Given material:
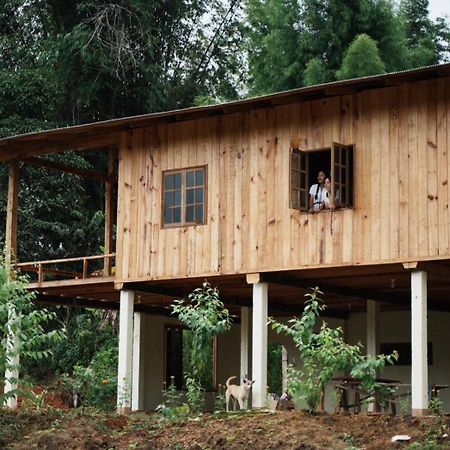Auberge de jeunesse Por Joi ,Por Dee House à Chiang Mai Extérieur photo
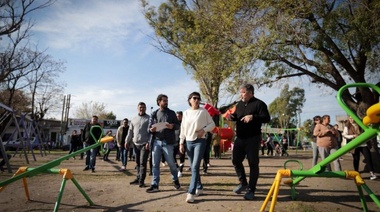 Mayra Mendoza inauguró puesta en valor de plaza del barrio Los Eucaliptus y recorrió jornada de “Quilmes Cerca”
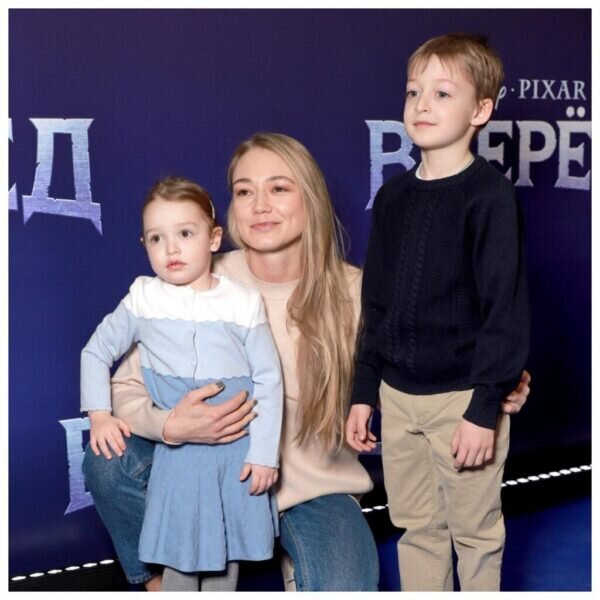 Оксана Акиньшина с детьми. Фото eva.ru  📷
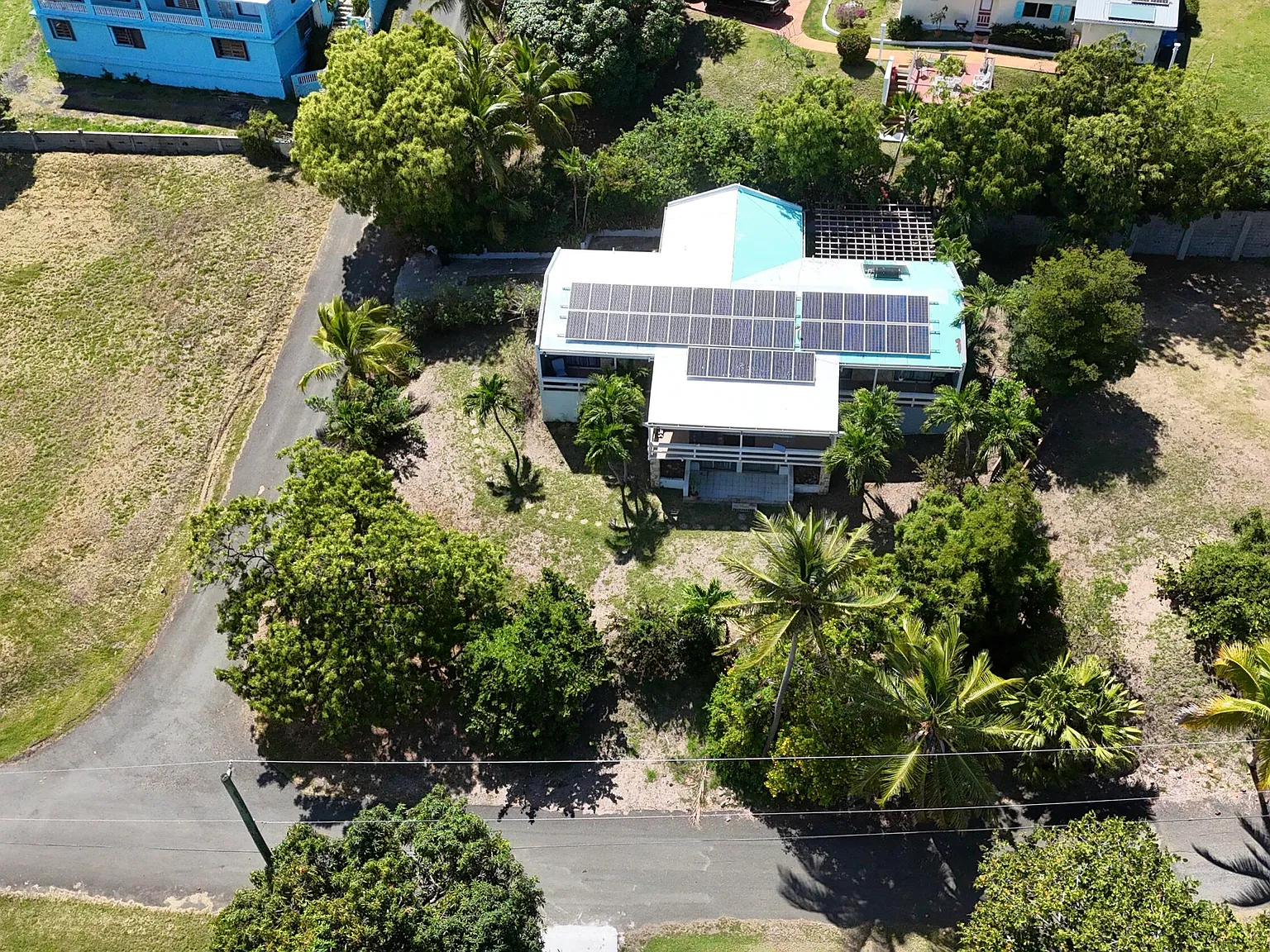 3 bed, $2,400 — Photo 2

What this task involves:
Please reproduce the listing exactly, leaving out any pictures.

Output of the exercise:
Auberge de jeunesse Por Joi ,Por Dee House à Chiang Mai Extérieur photo
 Mayra Mendoza inauguró puesta en valor de plaza del barrio Los Eucaliptus y recorrió jornada de “Quilmes Cerca”
 Оксана Акиньшина с детьми. Фото eva.ru  📷
 3 bed, $2,400 — Photo 2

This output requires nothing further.